Every answer carries an integer-only reliability report. Confidence is a
milli-unit score from 0 to 1000 derived from lexical support, citation count,
source diversity, provenance support, and optional source trust. If confidence
falls below the threshold, Lens returns an abstention message instead of asking
the model to fabricate an answer from weak evidence.

When source trust is supplied, retrieval also includes an integer `trust_score`
component. This lets Lens down-rank low-trust exported rows before generation
without changing the source graph or storing trust in Pulse/OriginTrail.

The confidence value is a PLN-style evidence axis. It describes how much support
Lens found for the cited context; it is not a replacement for the answer text or
the citations themselves.

The serialized reliability report carries `status` as `answered` or
`abstained`, plus the boolean `abstained` field for simple clients.

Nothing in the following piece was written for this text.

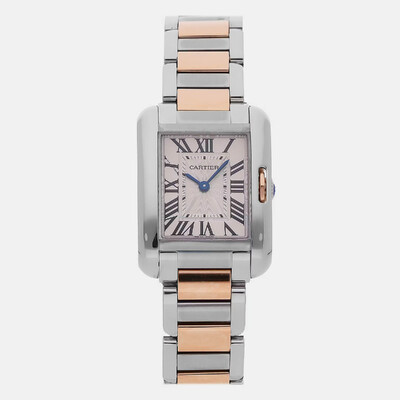 Pre-Owned Cartier Tank Anglaise W53100 Women's Watch 22mm Quartz Movement Clean Geometry Lined Dial French Heritage Timeless Elegance 1204845 (arb24412)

## Lessons From Similar Systems

- Hyperon/MeTTa: represent knowledge as queryable atoms in a graph-like store,
  and let reasoning iterate over those atoms. Lens applies that pattern to
  Pulse chunks without embedding MeTTa as a storage dependency.
- LightRAG: graph relationships should be first-class retrieval signals, not
  an afterthought behind vector similarity.
- LlamaIndex and LangChain: connectors and retrievers need to be separable from
  generation so users can bring their own sources and models.
- IPFS/libp2p: content identity and provider discovery are separate concerns.
  Lens keeps source ids and CIDs explicit, then leaves p2p movement to Pulse.
- W3C DID/VC/Data Integrity: verifiable statements need identifiers, proofs,
  and tamper-evident representations. Lens keeps provenance and CIDs visible in
  every answer path.
- ClaudeClaw-style daemons: always-on agent systems should have clear isolation
  and auth boundaries. Lens core therefore stays library-first; the HTTP route
  is small, explicit, and stdlib-only.

## Non-Goals

- No base vector database.
- No base graph database.
- No required LLM API key.
- No durable writes to Pulse.
- No Knitweb/Pulse fabric storage, p2p replication, ledger/accounting,
  canonical CID generation, Web mutation, or signed-record attestation.
- No OriginTrail DKG publishing, UAL resolution, anchoring, or asset discovery.
- No Hyperon Atomspace storage, MeTTa runtime evaluation, or grounded atom
  execution.
- No ranking floats in returned metadata.